True Unionism

The world is particularly concerned to-day over the question of unions. It is perfectly true that the subject is not a new one, and it is equally true that it has not been a new one for some decades, nevertheless at no time since the matter became one of primary political importance has it loomed so large in the calculations of statesmen as to-day. Yet the truth of the matter is that unionism is probably, from one point of view, at its zenith. The decline, it is true, may not show for years. All the same the very success of the union is tending to the passing of the union, for the simple reason that that which began as the organ of a party, is fulfilling its destiny in becoming the organ of mankind.

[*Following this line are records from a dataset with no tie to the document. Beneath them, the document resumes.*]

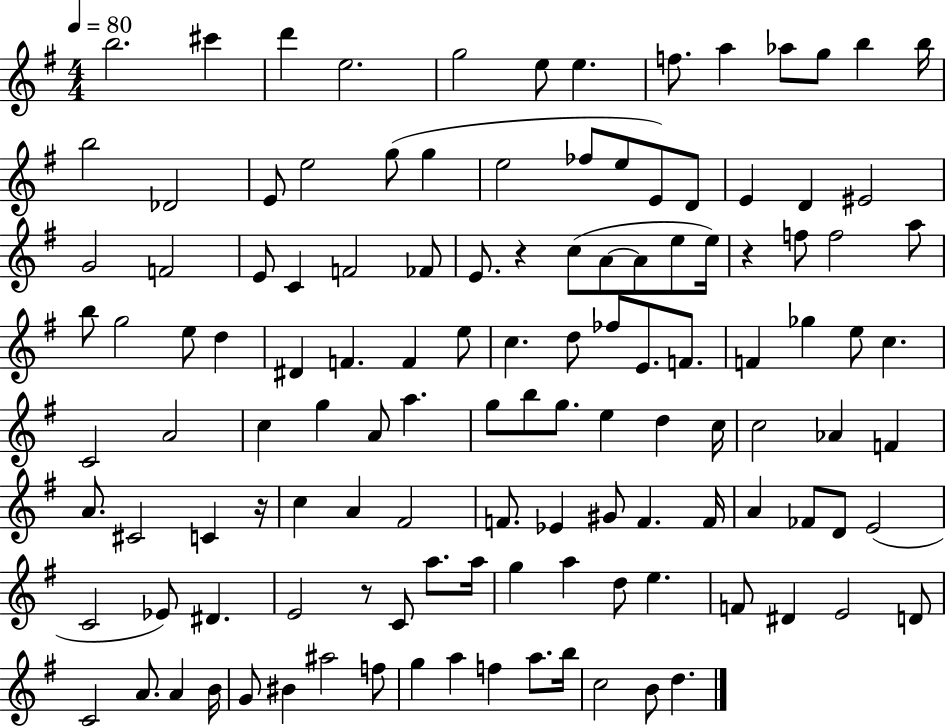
{
  \clef treble
  \numericTimeSignature
  \time 4/4
  \key g \major
  \tempo 4 = 80
  b''2. cis'''4 | d'''4 e''2. | g''2 e''8 e''4. | f''8. a''4 aes''8 g''8 b''4 b''16 | \break b''2 des'2 | e'8 e''2 g''8( g''4 | e''2 fes''8 e''8 e'8) d'8 | e'4 d'4 eis'2 | \break g'2 f'2 | e'8 c'4 f'2 fes'8 | e'8. r4 c''8( a'8~~ a'8 e''8 e''16) | r4 f''8 f''2 a''8 | \break b''8 g''2 e''8 d''4 | dis'4 f'4. f'4 e''8 | c''4. d''8 fes''8 e'8. f'8. | f'4 ges''4 e''8 c''4. | \break c'2 a'2 | c''4 g''4 a'8 a''4. | g''8 b''8 g''8. e''4 d''4 c''16 | c''2 aes'4 f'4 | \break a'8. cis'2 c'4 r16 | c''4 a'4 fis'2 | f'8. ees'4 gis'8 f'4. f'16 | a'4 fes'8 d'8 e'2( | \break c'2 ees'8) dis'4. | e'2 r8 c'8 a''8. a''16 | g''4 a''4 d''8 e''4. | f'8 dis'4 e'2 d'8 | \break c'2 a'8. a'4 b'16 | g'8 bis'4 ais''2 f''8 | g''4 a''4 f''4 a''8. b''16 | c''2 b'8 d''4. | \break \bar "|."
}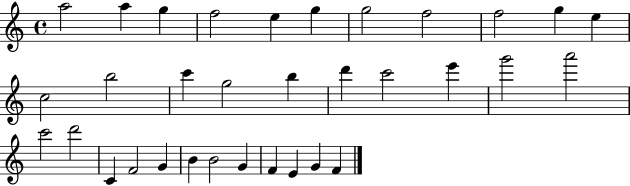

All of which, expressed a little more plainly, comes to this: that the union, which was originally started to protect the interests of Labor against the interests of Capital, has so widened its limits that it is threatening to represent nations instead of a class, and so to reach the point where its original sectional intent is lost in a clearer perception of the interests of humanity. Now if the idea of unionism were ever practically to be accepted by the world, the very change which has taken place was bound to take place, for the strength of the idea lies in two things, rightness and numbers, with the result that as the first of these was maintained and the second increased, the antithesis of Goldsmith's famous epigram upon Burke was sure to be manifested, the epigram, already referred to, that he "for party gave up what was meant for mankind."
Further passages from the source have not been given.